In contrario va osservato che, proprio con riferimento alla simulazione relativa nei trasferimenti immobiliari, le Sezioni unite hanno espressamente puntualizzato che “il prezzo è un elemento essenziale della vendita, per cui anch’esso deve risultare per iscritto e per intero quando per tale contratto è prevista la forma scritta ad substantiam, non essendo sufficiente che quest’ultima sussista in relazione alla manifestazione di volontà di vendere e di acquistare. Un’eventuale prova per testimoni del prezzo dissimulato di una vendita immobiliare non riguarda un elemento accessorio del contratto (in relazione al quale non opera il divieto di cui all’art. 2722 c.c.), ma un elemento essenziale (Cass. s.u. 7246/2007; Cass. 21442/2010; Cass. 3234/2015).

Tali principi, sebbene enunciati con riferimento alla vendita immobiliare, appaiono applicabili senza riserve anche al contratto di costituzione di usufrutto a titolo oneroso.

In definitiva, la semplice dichiarazione, contenuta nella scrittura privata di costituzione dell’usufrutto, circa l’avvenuto pagamento del prezzo non poteva soddisfare – in assenza di altre indicazioni circa il suo effettivo ammontare o circa i criteri di determinazione richiamati dai contraenti – i requisiti imposti a pena di nullità dal combinato disposto dell’art. 1346 c.c. e art. 1350 c.c., n. 4.

A tale carenza non poteva – per quanto detto – surrogare la dichiarazione di quietanza, né aveva rilievo che il valore – ma non il prezzo concretamente concordato – dell’usufrutto fosse determinabile in applicazione dei coefficienti rapportati alla vita residua del beneficiario.

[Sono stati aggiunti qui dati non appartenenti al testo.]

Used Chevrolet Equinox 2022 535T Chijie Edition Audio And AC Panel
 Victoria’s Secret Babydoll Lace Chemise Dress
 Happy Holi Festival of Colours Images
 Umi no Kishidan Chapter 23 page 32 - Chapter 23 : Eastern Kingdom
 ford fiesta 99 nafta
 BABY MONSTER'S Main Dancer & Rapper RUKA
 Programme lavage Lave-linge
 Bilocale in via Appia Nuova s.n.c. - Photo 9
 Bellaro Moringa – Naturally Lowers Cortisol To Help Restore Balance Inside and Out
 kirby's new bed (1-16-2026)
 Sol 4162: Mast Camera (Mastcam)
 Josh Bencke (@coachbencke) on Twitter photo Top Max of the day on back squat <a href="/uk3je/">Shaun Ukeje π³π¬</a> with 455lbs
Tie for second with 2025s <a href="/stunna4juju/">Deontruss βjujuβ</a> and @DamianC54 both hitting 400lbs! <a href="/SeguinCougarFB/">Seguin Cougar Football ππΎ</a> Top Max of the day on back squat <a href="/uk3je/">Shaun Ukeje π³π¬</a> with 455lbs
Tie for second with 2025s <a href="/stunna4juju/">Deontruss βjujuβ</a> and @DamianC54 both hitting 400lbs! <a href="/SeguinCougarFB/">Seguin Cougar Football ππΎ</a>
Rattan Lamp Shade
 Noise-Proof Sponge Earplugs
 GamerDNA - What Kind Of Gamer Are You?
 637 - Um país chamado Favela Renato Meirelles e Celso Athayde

Tale criterio non risulta fosse richiamato nella scrittura e non costituiva neppure un metodo di quantificazione suscettibile di integrare il contenuto dell’accordo ai sensi dell’art. 1374 o dell’art. 1474 c.c., essendo utilizzabile a soli fini fiscali (ai fini del calcolo delle imposte di registro, catastali ed ipotecarie).

Per quanto detto, la pronuncia è – dunque – incorsa nella violazione denunciata.

Non può procedersi alla decisione di merito ai sensi dell’art. 384 c.p.c., comma 2, avendo la Corte distrettuale ritenuto valida la scrittura sulla base della dichiarazione di avvenuto pagamento del prezzo, occorrendo tuttavia indagare se l’esame complessivo degli atti di causa consenta di ritenere sussistente il requisito formale per la fissazione del prezzo dell’usufrutto, tenendo conto anche delle previsioni del rogito di acquisto dell’immobile da parte dei ricorrenti, alla luce del collegamento che la sentenza pare ha ravvisato tra i due atti (così, ad es., con riferimento all’osservanza dei requisiti di contenuto della scrittura privata richiesti, sempre a pena di nullità, dalla L. n. 47 del 1985, artt. 17 e 40), avendo affermato che la predetta scrittura “costituisce emanazione del rogito notarile di acquisto dell’immobile” (cfr. sentenza, pag. 6).

E’ – quindi – accolto l’unico motivo di ricorso.

La sentenza è cassata in relazione al motivo accolto, con rinvio della causa alla corte d’appello di Brescia, in diversa composizione, anche per la pronuncia sulle spese di legittimità.

P.Q.M.

accoglie l’unico motivo di ricorso, cassa la sentenza impugnata in relazione al motivo accolto in relazione al motivo accolto, con rinvio della causa alla Corte d’appello di Brescia, in diversa composizione, anche per la pronuncia sulle spese di legittimità.

Così deciso in Roma, nella Camera di consiglio della Sezione Seconda Civile, il 26 ottobre 2021.